▶ WHAT THE TASK REQUIRES
Exactly as they appear below, repeat the lines from the one with "BURBERRY Nova Check" through the one with "Araignée / Toile". Drop every picture.

--- DATA RECORDS Enclosed Below ---

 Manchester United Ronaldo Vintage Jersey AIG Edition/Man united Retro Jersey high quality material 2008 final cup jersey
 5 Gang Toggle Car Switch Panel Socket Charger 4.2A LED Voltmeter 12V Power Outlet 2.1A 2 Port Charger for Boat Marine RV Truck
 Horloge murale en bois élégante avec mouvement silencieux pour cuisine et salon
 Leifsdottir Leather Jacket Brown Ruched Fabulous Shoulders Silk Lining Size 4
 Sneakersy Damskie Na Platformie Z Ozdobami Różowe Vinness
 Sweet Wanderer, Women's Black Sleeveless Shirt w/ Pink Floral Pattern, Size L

--- End of Enclosed DATA RECORDS ---
--- DATA RECORDS Enclosed Below ---

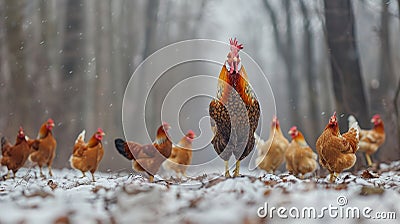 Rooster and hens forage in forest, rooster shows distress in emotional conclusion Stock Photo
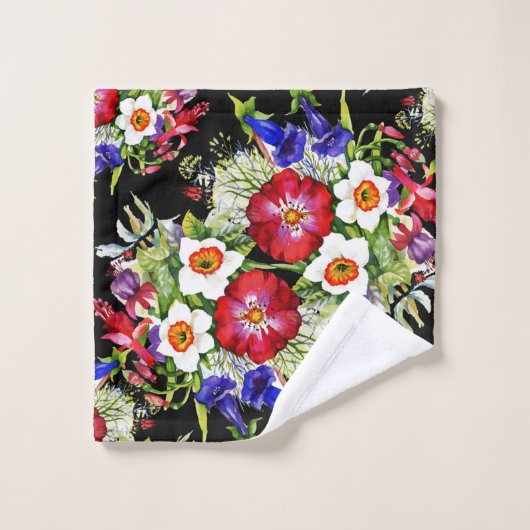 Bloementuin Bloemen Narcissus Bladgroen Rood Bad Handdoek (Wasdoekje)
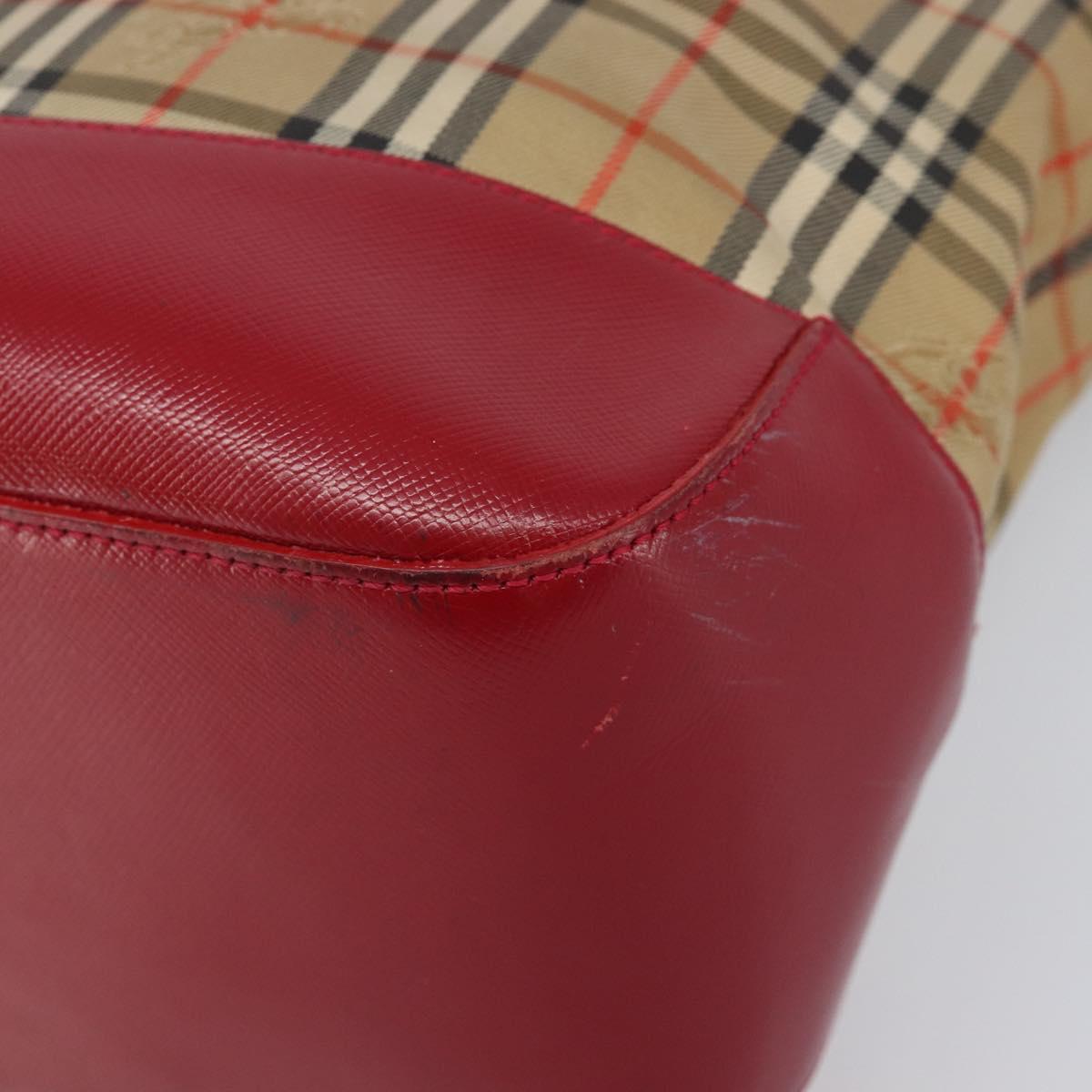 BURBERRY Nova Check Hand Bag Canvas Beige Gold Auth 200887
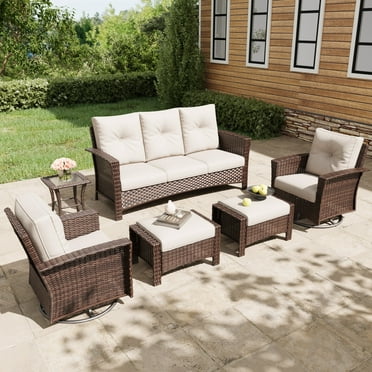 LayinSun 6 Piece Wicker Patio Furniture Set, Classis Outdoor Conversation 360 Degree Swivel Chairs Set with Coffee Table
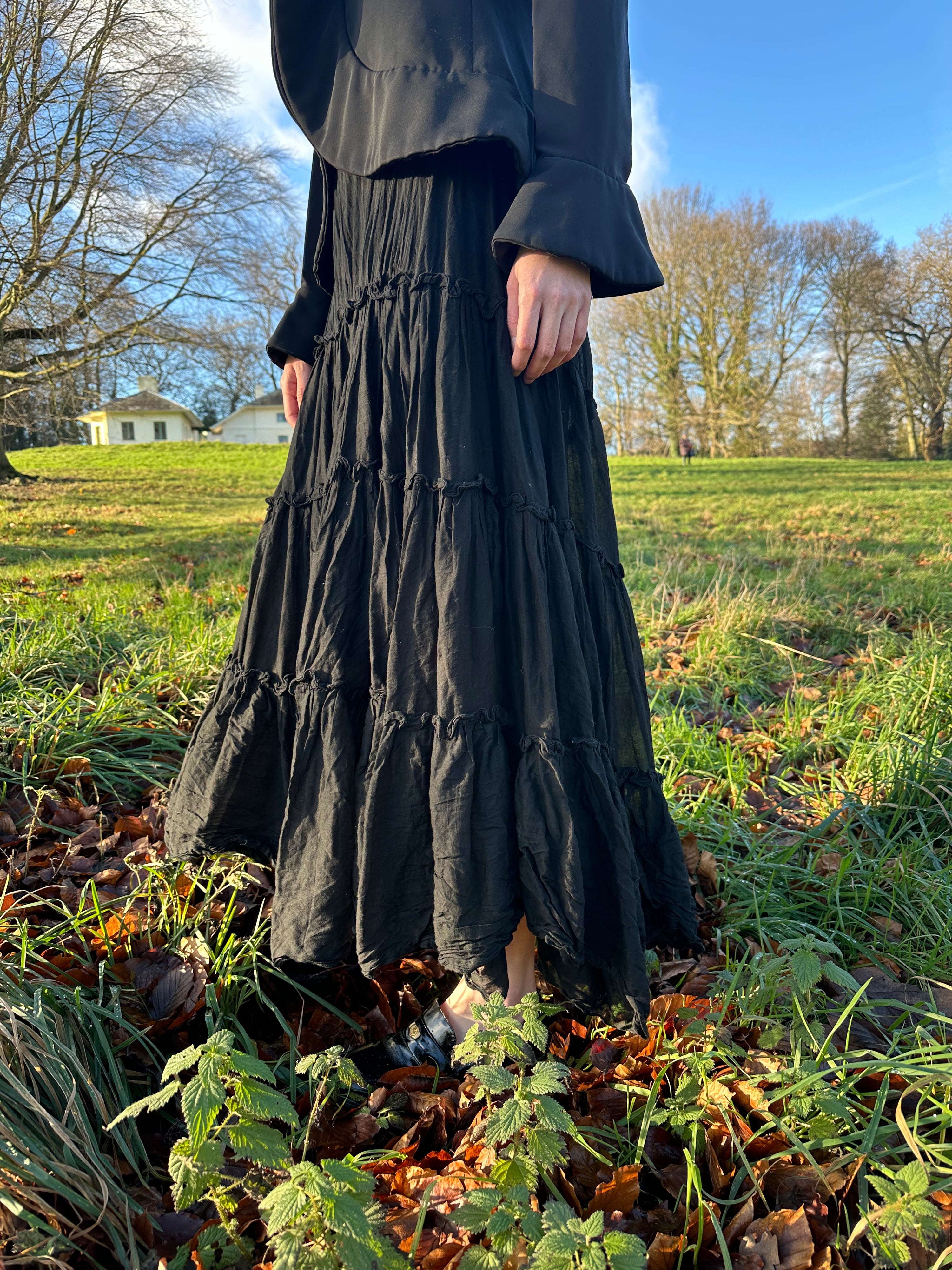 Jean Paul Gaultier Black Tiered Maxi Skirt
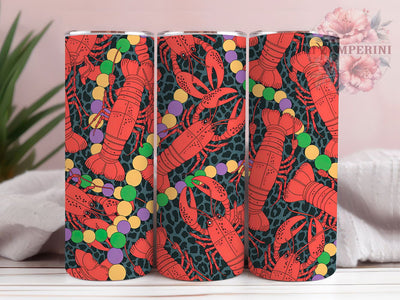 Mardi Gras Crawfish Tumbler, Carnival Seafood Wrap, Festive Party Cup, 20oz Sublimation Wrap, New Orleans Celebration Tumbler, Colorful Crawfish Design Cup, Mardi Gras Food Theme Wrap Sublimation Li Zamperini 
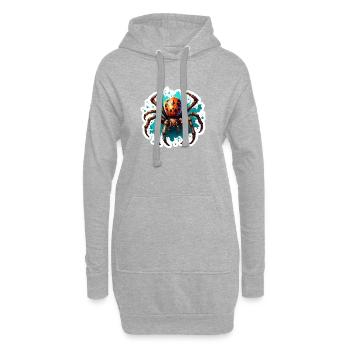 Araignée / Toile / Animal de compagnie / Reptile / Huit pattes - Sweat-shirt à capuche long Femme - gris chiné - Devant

--- End of Enclosed DATA RECORDS ---
--- DATA RECORDS Enclosed Below ---

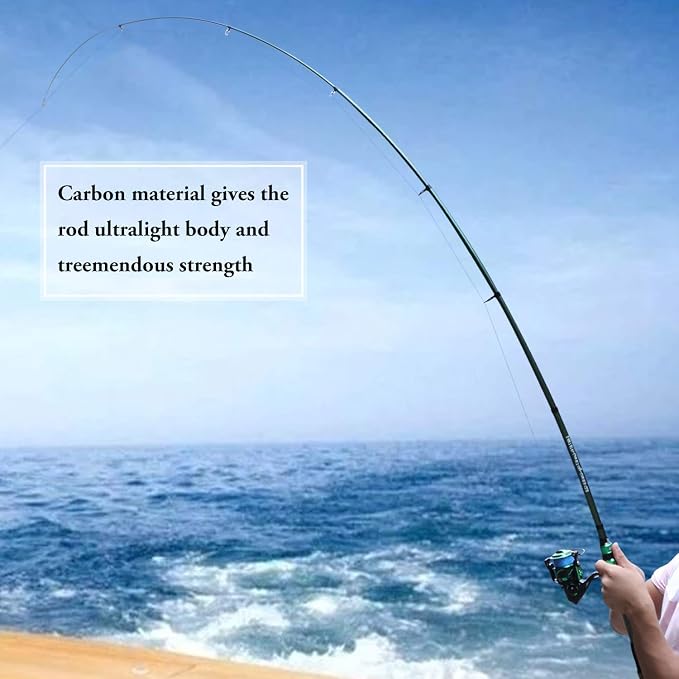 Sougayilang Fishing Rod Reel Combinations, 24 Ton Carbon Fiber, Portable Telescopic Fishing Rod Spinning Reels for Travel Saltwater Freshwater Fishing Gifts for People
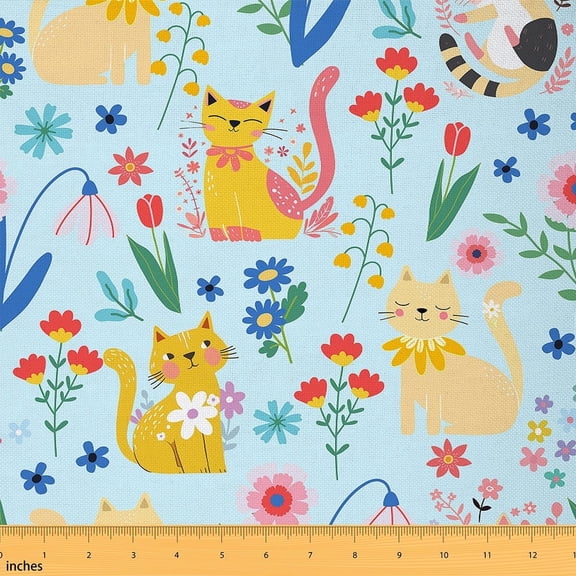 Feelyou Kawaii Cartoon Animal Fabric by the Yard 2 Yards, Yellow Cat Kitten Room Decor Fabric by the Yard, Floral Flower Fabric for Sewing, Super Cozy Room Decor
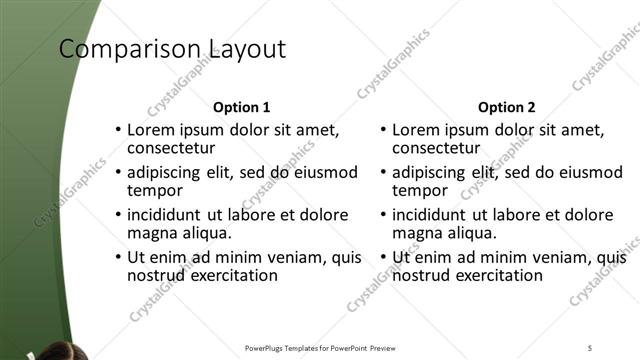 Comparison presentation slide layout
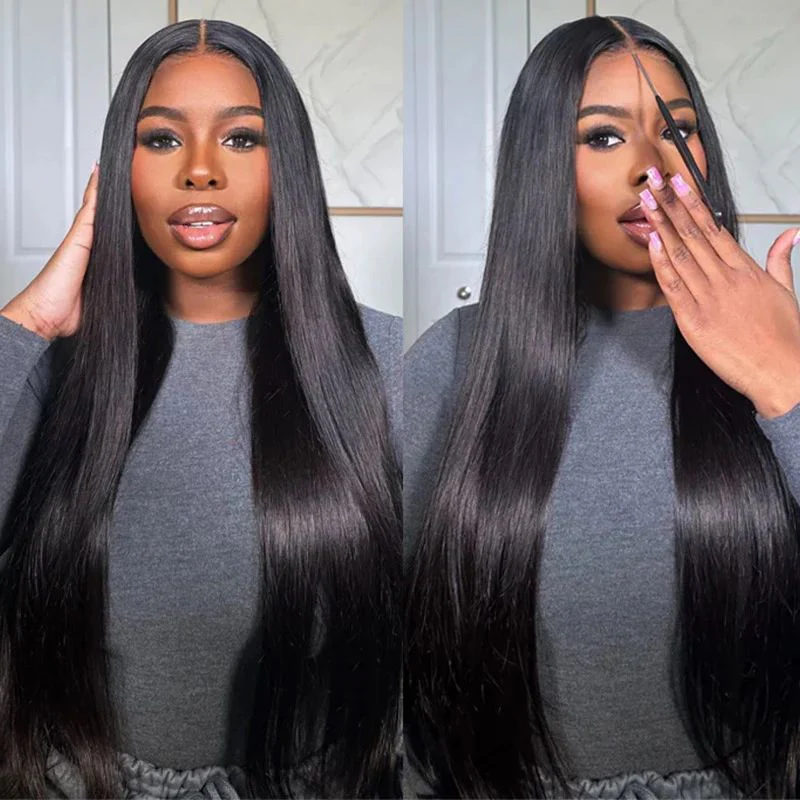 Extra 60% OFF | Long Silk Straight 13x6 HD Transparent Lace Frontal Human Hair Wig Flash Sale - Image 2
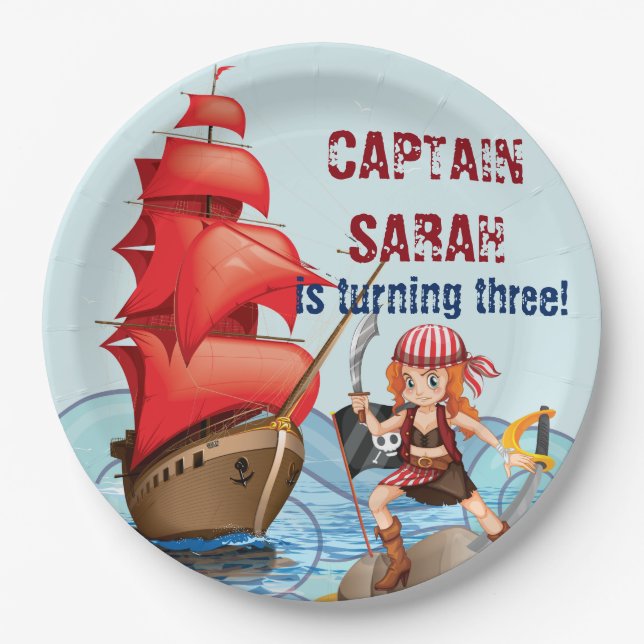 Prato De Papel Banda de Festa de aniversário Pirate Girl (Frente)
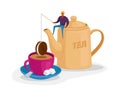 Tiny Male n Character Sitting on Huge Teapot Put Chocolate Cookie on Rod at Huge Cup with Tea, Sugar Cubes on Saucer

--- End of Enclosed DATA RECORDS ---

▶ TASK RESULT
 BURBERRY Nova Check Hand Bag Canvas Beige Gold Auth 200887
 LayinSun 6 Piece Wicker Patio Furniture Set, Classis Outdoor Conversation 360 Degree Swivel Chairs Set with Coffee Table
 Jean Paul Gaultier Black Tiered Maxi Skirt
 Mardi Gras Crawfish Tumbler, Carnival Seafood Wrap, Festive Party Cup, 20oz Sublimation Wrap, New Orleans Celebration Tumbler, Colorful Crawfish Design Cup, Mardi Gras Food Theme Wrap Sublimation Li Zamperini 
 Araignée / Toile / Animal de compagnie / Reptile / Huit pattes - Sweat-shirt à capuche long Femme - gris chiné - Devant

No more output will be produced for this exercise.